Barnwell put the Lions all the way down at 25th, or eighth-worst in the NFL.
Look, I’m not one to bag on Barnwell. I actually like him a lot. He’s very forward-thinking when it comes to analytics, and when he gives his opinion, he usually has a solid base of evidence and statistical support to his arguments. Plus, when it comes to ranking things like this, you’re going to get things wrong or overlook some players. It’s an impossible task.
But, still, this makes little sense.
Part of the problem is with Barnwell’s methods. He states right at the top that he’s going to put more emphasis on top-level talent than depth. He takes into account the top five weapons on the team—regardless of position—and hands out bonuses for players that are the top at their position. With methodology like that, it’s easy to justify putting the Packers (19th) over the Lions. They have Aaron Jones and Davante Adams, both of whom are likely top-10 at their position. But would anyone truly prefer Adams-Jones-Devin Funchess-Allen Lazard-AJ Dillon to Golladay-Jones Jr.-Hockenson-D’Andre Swift-Amendola? It would be hard for me to justify that.
Depth matters just as much as star power, and if you don’t believe me, check back in with me three months into the season.
But let’s get into Barnwell’s specific criticisms of Detroit’s weapons.
“They’ll also be hoping for a return to form from Marvin Jones, who has gone from averaging 18 yards per catch in 2017 all the way down to 12.6 last season,” Barnwell writes.

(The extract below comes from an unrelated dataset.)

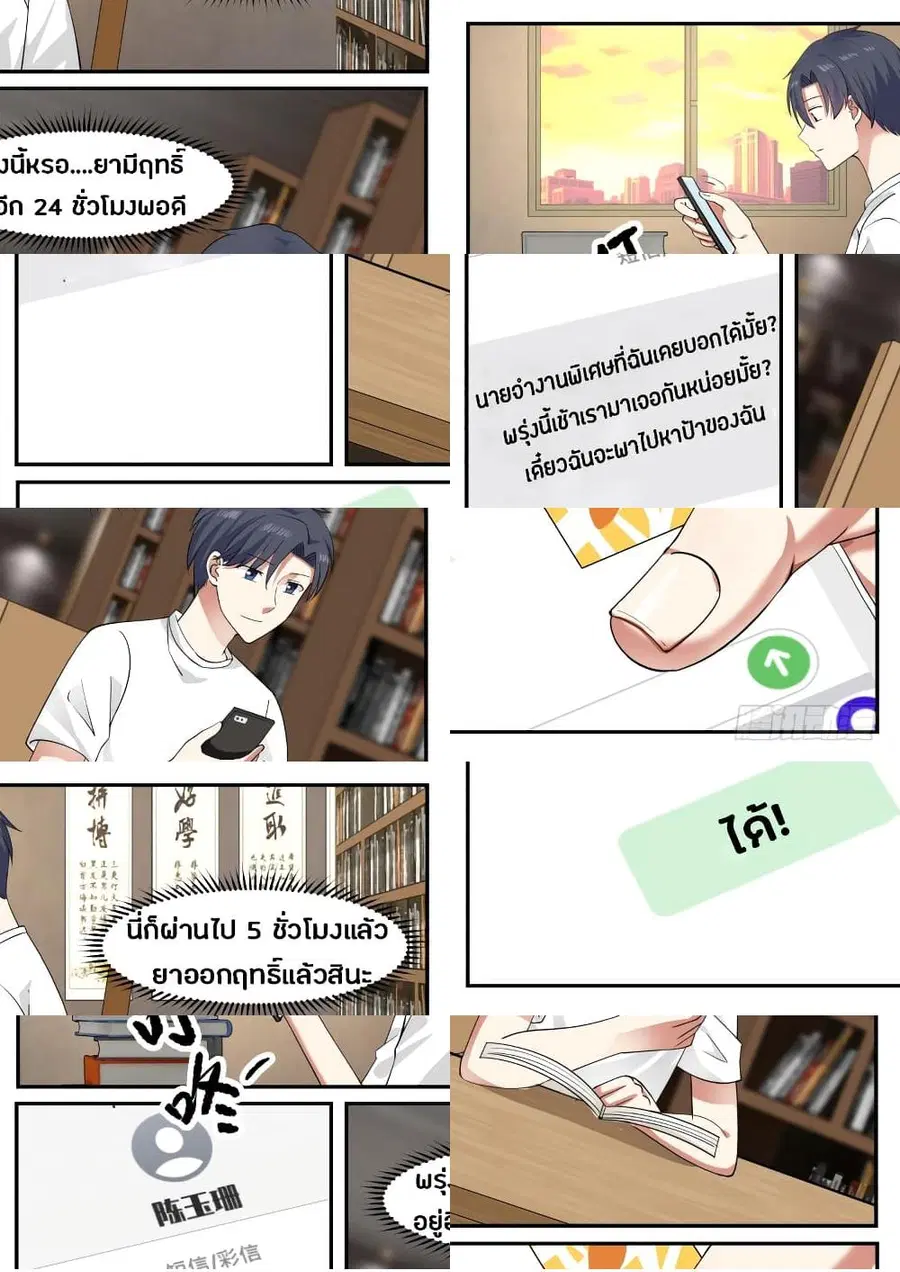 God Student ตอนที่ 13 หน้า 3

This seems like a bit of statistical cherry picking. Jones caught 62 passes last year, more than any other season with the Lions despite only playing in 13 games. His drop in yards per reception could simply be a difference in use. The Lions had a different coordinator in 2019 and his average depth of target (aDOT) went from 14.6 in 2018 to 13.1 in 2019. To frame that as a potential sign of decline is misleading.
Don’t get me wrong, at 30 years old, Jones Jr. probably doesn’t have a ton of great years left, but the man put up nine touchdowns last year, which was just two fewer than the league leader. He can still ball.

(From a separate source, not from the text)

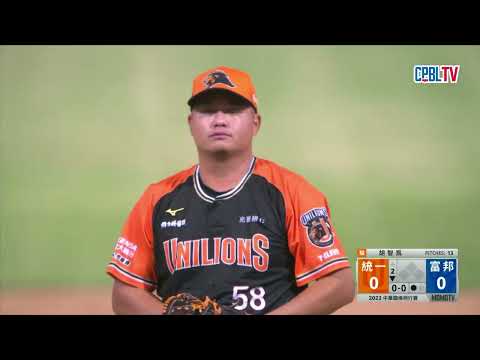 10/19 統一 VS 富邦 二局下，胡智爲投出三上三下，外帶一張老K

Elsewhere, he admits it’s too early to be concerned about Hockenson’s mild rookie year, yet calls it “a lost season,” which I honestly don’t even know what that means. Hockenson got experience in the NFL, was likely humbled a bit, and will have to grow in Year 2 just like almost every other tight end in NFL history.
He shrugs off the Swift draft pick, framing it as a sign Kerryon Johnson is done rather than adding another weapon to the backfield. And while I’m not extremely high on Amendola, he probably deserved a passing mention here, seeing as he nearly cracked the top 50 in receiving yards last year (678, 53rd).
Injuries were also a common theme in his criticism for the Lions. Meanwhile, let’s look around the rest of the article.
Giants (Ranked 7):
“If everyone could just get on the field at one time, the Giants would be something to stress out about for opposing defenses.”
Eagles (Ranked 10):
Jackson missed most of 2019 with a core injury, and his future with the team is uncertain after he posted anti-Semitic messages on social media. Jeffery suffered a Lisfranc injury in December, and he has no timetable for return. Arcega-Whiteside was a disaster as a rookie, averaging just 0.58 yards per route run while dealing with injuries and making mental mistakes. Goodwin has missed 12 games over the past two season with various injuries and personal absences.
For whatever reason, all of these injury concerns were just shrugged off.
I will admit my optimism on the Lions’ weapons has a decent amount of faith tied to it. There’s no guarantee that Hockenson makes that Year 2 jump, and we’ve yet to even see Swift put on a Lions uniform. But the Lions’ receiving corps doesn’t require much faith to see its value. Only one other team in the NFL had three receivers put up at least 678 yards last season (Falcons). To put the likes of that beneath teams like New England (Sony Michel, Julian Edelman, Mohamed Sanu, N’Keal Harry and… Devin Asiasi?) and Minnesota (Adam Thielen, Justin Jefferson, Dalvin Cook, Kyle Rudolph, Irv Smith Jr.) seems overly dismissive.
But maybe I’m just falling into the offseason optimism trap again.